This repository provides Jupyter notebooks for exploring and utilizing Cohere's Large Language Models (LLMs) in various applications, including chatbots and retrieval-augmented generation (RAG). These notebooks serve as a practical guide for deploying Cohere models for conversational AI and information retrieval tasks.
- COHERE-CHATBOT.ipynb: Demonstrates the setup of a chatbot using a Cohere model, focusing on creating interactive, conversational exchanges.
- COHERE-RAG.ipynb: Implements Retrieval-Augmented Generation (RAG), combining document retrieval and generation for contextually relevant responses. Ideal for Q&A systems and customer support applications.
To run these notebooks, you need:
- Python 3.8+
- Jupyter Notebook
- The dependencies listed in
requirements.txt
-
Clone the repository:
git clone https://github.com/simonpierreboucher/llm_cohere_notebook.git cd llm_cohere_notebook
-
Install the dependencies:
pip install -r requirements.txt
- Start Jupyter Notebook: Navigate to the repository folder and launch Jupyter:
jupyter notebook
- Open a Notebook: Select either the Chatbot or RAG notebook to explore specific functionalities.
- Follow Instructions: Each notebook contains setup instructions and guidance for working with Cohere models in the specified application.

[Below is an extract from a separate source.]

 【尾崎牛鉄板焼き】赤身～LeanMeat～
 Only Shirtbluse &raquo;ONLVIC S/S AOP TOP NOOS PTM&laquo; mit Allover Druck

- COHERE-CHATBOT: Perfect for building conversational agents or virtual assistants that engage users in dialogue.
- COHERE-RAG: Suitable for tasks that require accurate, contextually grounded answers, such as support chat and information retrieval systems.
We welcome contributions! Feel free to submit issues or pull requests to enhance functionality, add features, or address bugs.
This repository is licensed under the MIT License.